Relevant legislative provisions
Income Tax Assessment Act 1997 Subsection 118-195(1).
Reasons for decision
A capital gain or capital loss is made as a result of a capital gains tax (CGT) event happening to a CGT asset (section 102-20 of the Income Tax Assessment Act 1997 (ITAA 1997)). The most common CGT event is CGT event A1 the disposal of a CGT asset.
Subsection 118-195(1) of the ITAA 1997 provides that a trustee of a deceased estate disregards a capital gain or loss from a dwelling that a deceased person acquired before 20 September 1985 if:
(1) the trustee’s ownership interest ends within two years of the deceased’s death, or
(2) from the deceased’s death until the trustee’s ownership interest ends, the dwelling was the main residence of one or more of the following persons:
(a) the spouse of the deceased immediately before death; or
(b) an individual who had the right to occupy the dwelling under the deceased’s Will; or
(c) an individual who brought about a CGT event where the ownership interest in the dwelling passed to the same individual as a beneficiary.
You have an ownership interest in a property if you have a legal interest in the property. This means that if you sell a property, your ownership interest continues until the date of settlement (rather than the date the contract of sale is signed).

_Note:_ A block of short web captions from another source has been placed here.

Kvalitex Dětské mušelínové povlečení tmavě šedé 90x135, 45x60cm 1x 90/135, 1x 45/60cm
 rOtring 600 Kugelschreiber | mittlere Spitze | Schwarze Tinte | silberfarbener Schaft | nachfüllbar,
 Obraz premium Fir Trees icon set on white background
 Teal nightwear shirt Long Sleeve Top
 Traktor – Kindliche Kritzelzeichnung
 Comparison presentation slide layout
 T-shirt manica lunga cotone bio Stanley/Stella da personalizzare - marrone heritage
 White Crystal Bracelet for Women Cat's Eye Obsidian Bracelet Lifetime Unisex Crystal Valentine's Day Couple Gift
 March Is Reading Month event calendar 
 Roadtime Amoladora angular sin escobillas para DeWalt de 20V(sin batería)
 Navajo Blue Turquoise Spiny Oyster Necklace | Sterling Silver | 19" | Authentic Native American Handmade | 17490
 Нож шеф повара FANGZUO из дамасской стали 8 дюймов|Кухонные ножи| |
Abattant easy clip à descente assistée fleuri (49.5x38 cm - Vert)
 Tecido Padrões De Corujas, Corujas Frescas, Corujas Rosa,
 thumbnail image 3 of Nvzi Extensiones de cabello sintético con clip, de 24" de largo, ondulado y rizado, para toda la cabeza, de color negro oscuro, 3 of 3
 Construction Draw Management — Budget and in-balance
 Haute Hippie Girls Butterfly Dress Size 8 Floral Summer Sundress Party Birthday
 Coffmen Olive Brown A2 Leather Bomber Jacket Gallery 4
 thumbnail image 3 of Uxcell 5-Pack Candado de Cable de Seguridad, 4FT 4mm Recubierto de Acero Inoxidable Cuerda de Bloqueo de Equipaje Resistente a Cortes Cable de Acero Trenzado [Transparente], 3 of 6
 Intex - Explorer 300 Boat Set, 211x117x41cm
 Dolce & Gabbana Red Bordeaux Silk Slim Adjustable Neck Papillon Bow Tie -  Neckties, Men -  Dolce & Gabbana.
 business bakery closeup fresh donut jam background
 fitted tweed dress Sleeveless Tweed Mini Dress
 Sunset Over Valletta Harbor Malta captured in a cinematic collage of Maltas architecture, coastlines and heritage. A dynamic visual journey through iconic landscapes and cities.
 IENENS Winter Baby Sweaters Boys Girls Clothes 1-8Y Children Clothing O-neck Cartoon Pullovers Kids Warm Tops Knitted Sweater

The following is a non-exhaustive list of situations in which the Commissioner would be expected to exercise the discretion to extend the time period in which you can dispose of the property:
● the ownership of a dwelling or a Will is challenged;
● the complexity of a deceased estate delays the completion of administration of the estate;
● a trustee or beneficiary is unable to attend to the deceased estate due to unforeseen or serious personal circumstances arising during the two-year period (for example, the taxpayer or a family member has a severe illness or injury); or
● settlement of a contract of sale over the dwelling is unexpectedly delayed or falls through for circumstances outside the beneficiary or trustee’s control
In determining whether or not to grant an extension the Commissioner is expected to consider whether, and to what extent, the dwelling is used to produce assessable income and how long the trustee or beneficiary held it.
In your case there were significant delays in selling the property.
One of the trustees was going through a marriage break down and the property was not sold for a number of years after the deceased died.
While the Commissioner is sympathetic to the circumstances experienced by the trustee, the reasons provided are not beyond the trustees control in terms of administrating the estate and placing the property on the market.
Provision was made in the will ‘The Top hat Rule’ for decisions to be made in relation to the trust property and this provision was not exercised.
The Commissioner will not exercise his discretion to extend the two year time limit to the settlement date as the circumstances relating to the delay in the sale of the property was not beyond the estates control.